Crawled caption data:

------------------------------------------------

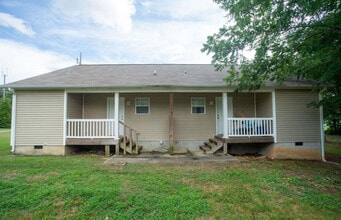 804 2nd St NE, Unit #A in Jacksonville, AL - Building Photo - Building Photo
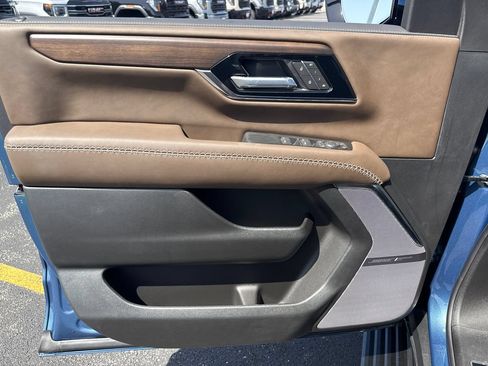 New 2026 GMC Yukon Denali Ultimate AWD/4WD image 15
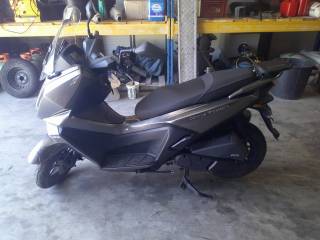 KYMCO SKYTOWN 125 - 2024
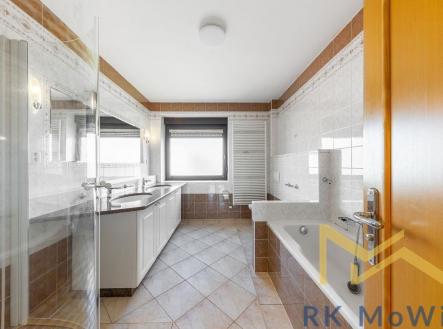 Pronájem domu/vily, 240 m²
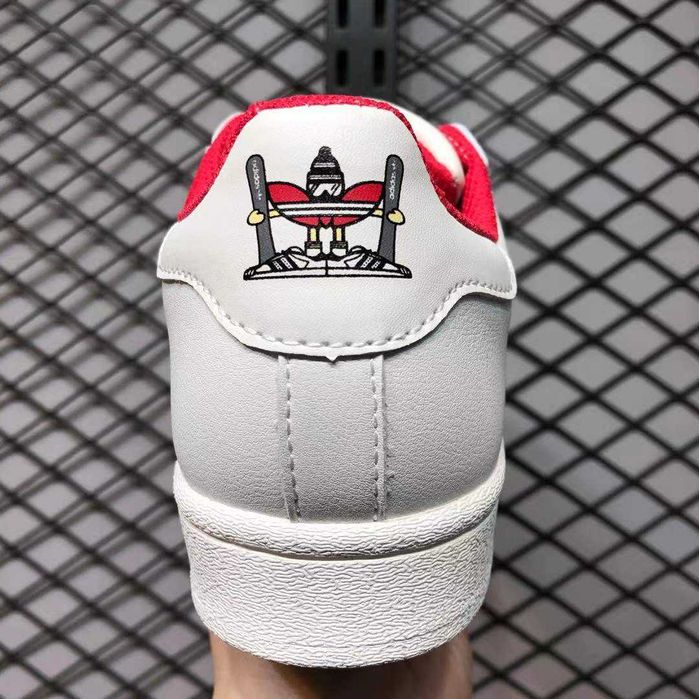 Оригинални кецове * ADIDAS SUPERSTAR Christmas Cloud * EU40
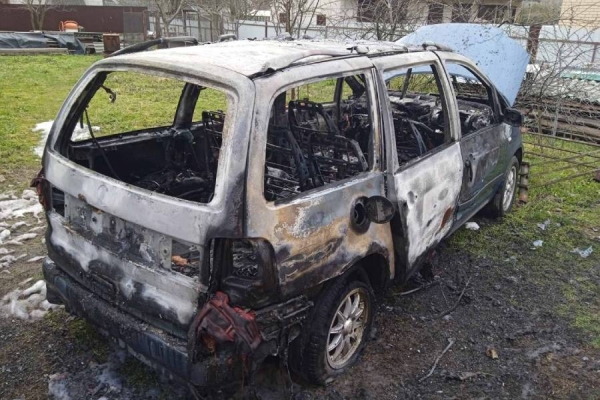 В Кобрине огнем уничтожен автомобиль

------------------------------------------------

What is required: Return exactly the lines that begin with the one containing "Оригинални кецове *" and end with the final line of the data above; include no pictures.

Response for this exercise:
 Оригинални кецове * ADIDAS SUPERSTAR Christmas Cloud * EU40
 В Кобрине огнем уничтожен автомобиль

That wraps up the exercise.